Like any product, differentiation comes into play, which is why even with standards in place, everyone ends up building their own extensions, which eventually grew up into other languages/products, where everything will be done better from the start.


I find the question really odd. It is like asking why people create new recipes or new music or whatever else - because they can. These are some of the best ways to introspect and think about patterns one might have been struck by and put forward a way to deal with them in their own ways.

People should always try new ways to deal with problems they see around them. Or generally be creative. I can not fathom what makes the author even ask this question.


So you think "why create music" is an odd question too? I dont, but that's another discussion.

Back to the original question, making programing language and making music are nothing alike in there purposes. Music are specifically made to be consumed while proraming languages or any kind of software/protocol/standard are meant to be productive.

You can argue that people make languages for their own amusement, those exist. However if a language rises to some sort of adoption there was definitely some amount of effort put into promoting it and convincing other people to use it. At that point a language ceases to exist for amusement purpose and become an investment that cost individuals and the whole industry a lot.

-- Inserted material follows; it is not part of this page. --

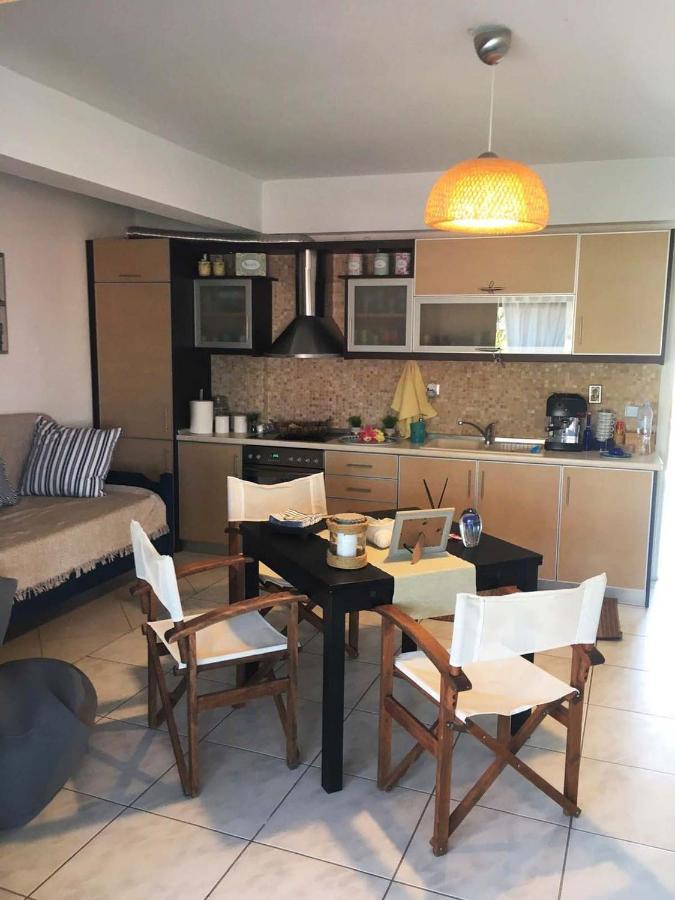 Beach Front Apartment In Pefkohóri Kültér fotó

It better has a good pitch.


No, that is your thought process that programming languages are meant to be productive. The person who creates, does so in many instances because they feel they want to create.

Which is why there is an order of magnitude more super-little-known programming languages out there than the ones that dominate the professional world of programming.

A few languages get traction and grow. Rest are just creations from someone.


Read again, I'm not disputing the fact that languages are created for fun. However when you start promoting a language and lure other people in contributing into your community, that (should) stops. Unless you specifically say smt like "this is a programming language for goofing around nothing serious", which is no PL author's pitch ever.


Making a new language is more like making a new instrument or a new cooking tool though. You've got quite a mountain to climb in getting people to use it, to the level where there's enough usage to to be worth the effort. Sure, you can make a new language as an exercise in creativity, but there's more than a few "serious" languages that all seem to have a mix of the same set of ideas (types, immutability, lambdas, etc).


I totally agree it is a climb, but only if that was the intention of the creator. We constantly forget that engineers can also be creators for their own sake.

There are many many many little know programming languages. Only a tiny % get traction. This is the natural pattern to everything around us. Newtown developed Infinitesimal Calculus in the same period that most students study the subject. We cherish these as accomplishments because they become famous, but most do not become famous or even useful. It does not mean people should stop experimenting or creating.


>I find the question really odd. It is like asking why people create new recipes or new music or whatever else - because they can.

We "can" do all kinds of things we aren't nonetheless doing. So the question is still valid.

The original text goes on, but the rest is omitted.